Alcuni bestioni sembrano scorze di pane bruciato, i bordi anneriti dove la sporgenza è marcata ed esposta alla furia degli elementi. L’immaginazione trasforma le formazioni dal profilo allungato in code di drago e serpenti dalle scaglie grandi quanto un uomo. L’impatto visivo è persino più forte rispetto a quello offerto da Uluru.

L’ETERNO RITORNO
Scendo finalmente l’ultimo crinale, tornando al suolo con corpo e fantasia. Assaporo lentamente le immagini raccolte. La sera le annoto sul diario, affinché gli eventi dei giorni successivi non le portino via. Due settimane dopo raggiungo Alice Springs, dove finalmente posso fare la spesa. Dentro al supermercato, rimango a bocca aperta per l’abbondanza e la diversità del cibo. I frigoriferi traboccano di leccornie spandendo aria fresca dalle ante spalancate, e piramidi di frutta lucente ammiccano da cesti di vimini intrecciati. Sono passati due mesi e duemila chilometri da quando ho lasciato l’ultima città e davanti a tutta quell’abbondanza la mente va in corto circuito per qualche istante. Riempio Ezio, il passeggino nel quale porto tutto ciò di cui ho bisogno, di provviste, abbastanza per il prossimo mese di marcia, l’ultimo prima di arrivare a Darwin e completare l’attraversamento del deserto.
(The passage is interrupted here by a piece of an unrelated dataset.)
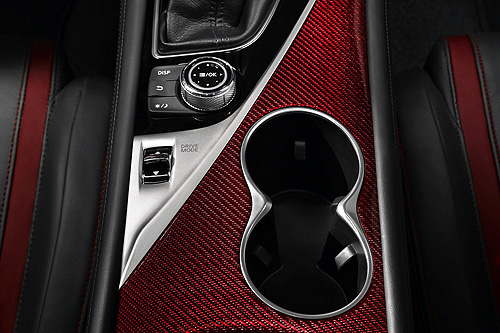 F1靈魂注入《Infiniti Q50 Eau Rouge》馬力上看500匹 F1靈魂注入《Infiniti Q50 Eau Rouge》馬力上看500匹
Sembra fuori luogo se scrivo che sono contento di tornare alla desolazione? Bonatti riesce a spiegare questa sensazione con la semplicità di un uomo che è riuscito ad abbracciare l’essenziale: "Perché questa scelta di vita? Credo sia il modo migliore per conoscermi, per meglio dialogare con me stesso e misurarmi in rapporto alle decisioni prese e alle cose compiute (…) Desidero vivere un’esperienza in una natura straordinaria, essere nella disposizione fisica e spirituale per recepirla e assimilarla fino ad arrivare a farne parte".

Camminare in solitudine per settimane e poi mesi, dà la possibilità di riconnettersi a una parte dimenticata dell’essere umano che però ancora vive dentro di noi. È la sensibilità, il dono più bello che abbiamo e per il quale la corolla di un fiore, l’impassibilità di una montagna o la forma di una roccia, diventano amore, ragione di vita, e forse anche la voce di Dio.